# [Instructions for the task]
Whatever lies between the line with "1 2 3 Carat" and the end of the data, both included, must be copied exactly and without pictures.

# [Material provided]
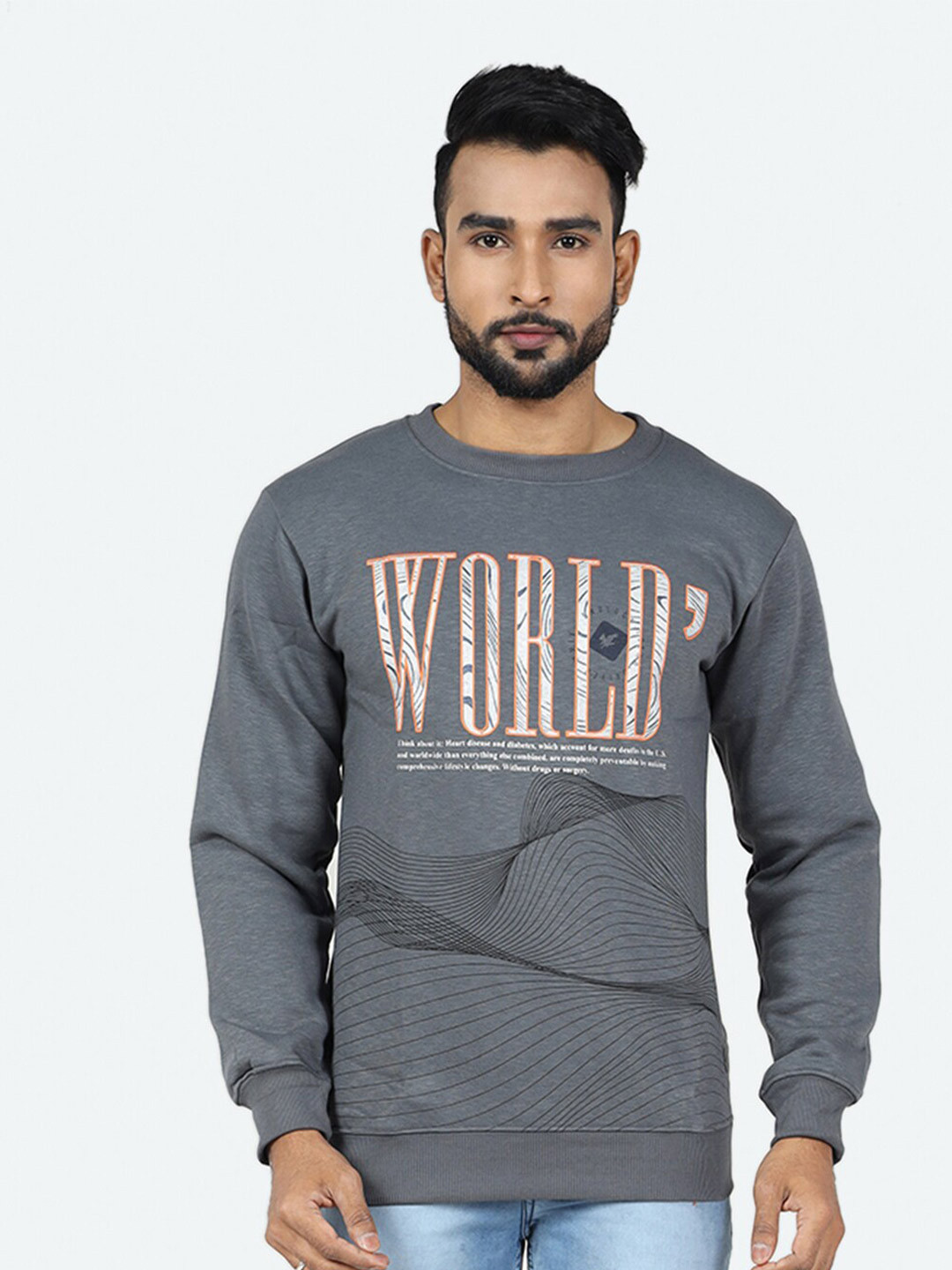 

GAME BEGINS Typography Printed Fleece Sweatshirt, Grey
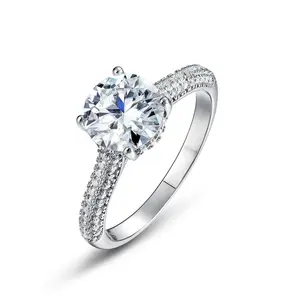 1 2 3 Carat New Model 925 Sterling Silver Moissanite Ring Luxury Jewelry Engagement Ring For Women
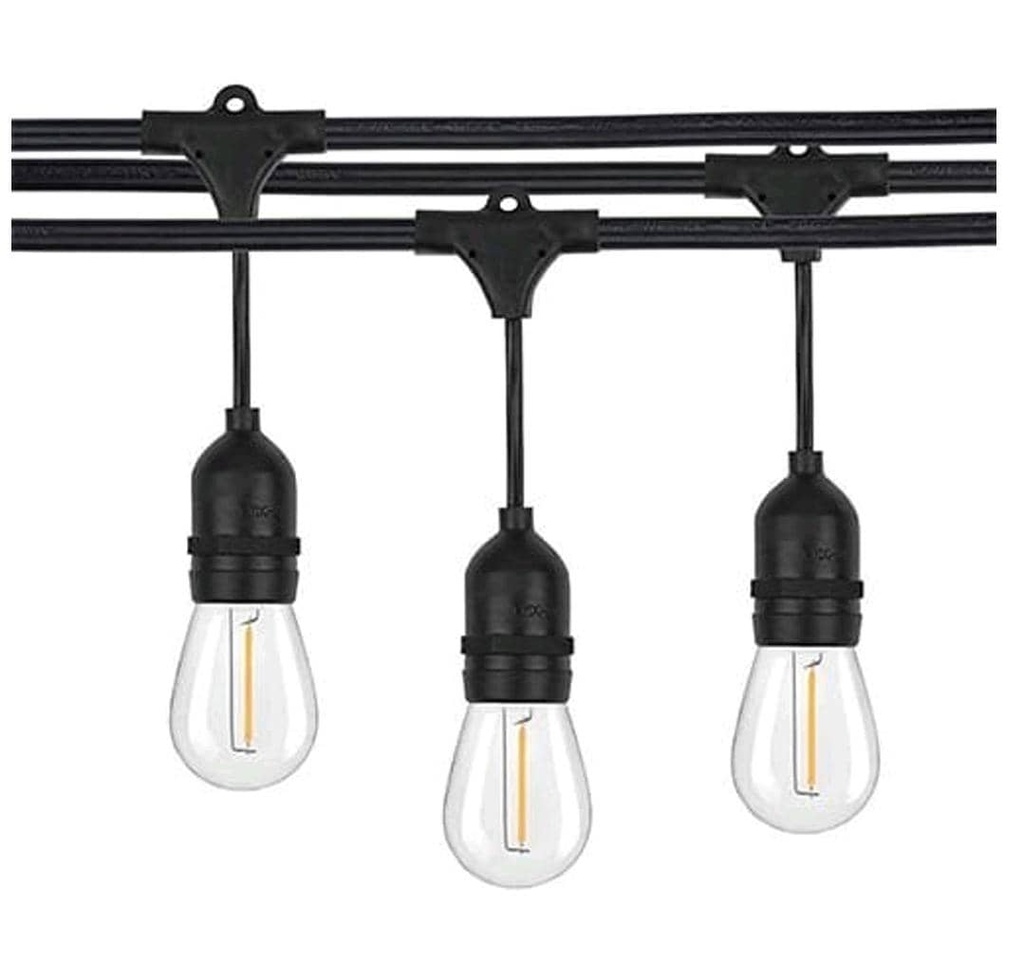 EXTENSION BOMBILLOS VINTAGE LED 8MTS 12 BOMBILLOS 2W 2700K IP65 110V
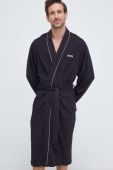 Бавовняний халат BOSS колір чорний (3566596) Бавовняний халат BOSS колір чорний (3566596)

# [Exercise response]
 1 2 3 Carat New Model 925 Sterling Silver Moissanite Ring Luxury Jewelry Engagement Ring For Women
 EXTENSION BOMBILLOS VINTAGE LED 8MTS 12 BOMBILLOS 2W 2700K IP65 110V
 Бавовняний халат BOSS колір чорний (3566596) Бавовняний халат BOSS колір чорний (3566596)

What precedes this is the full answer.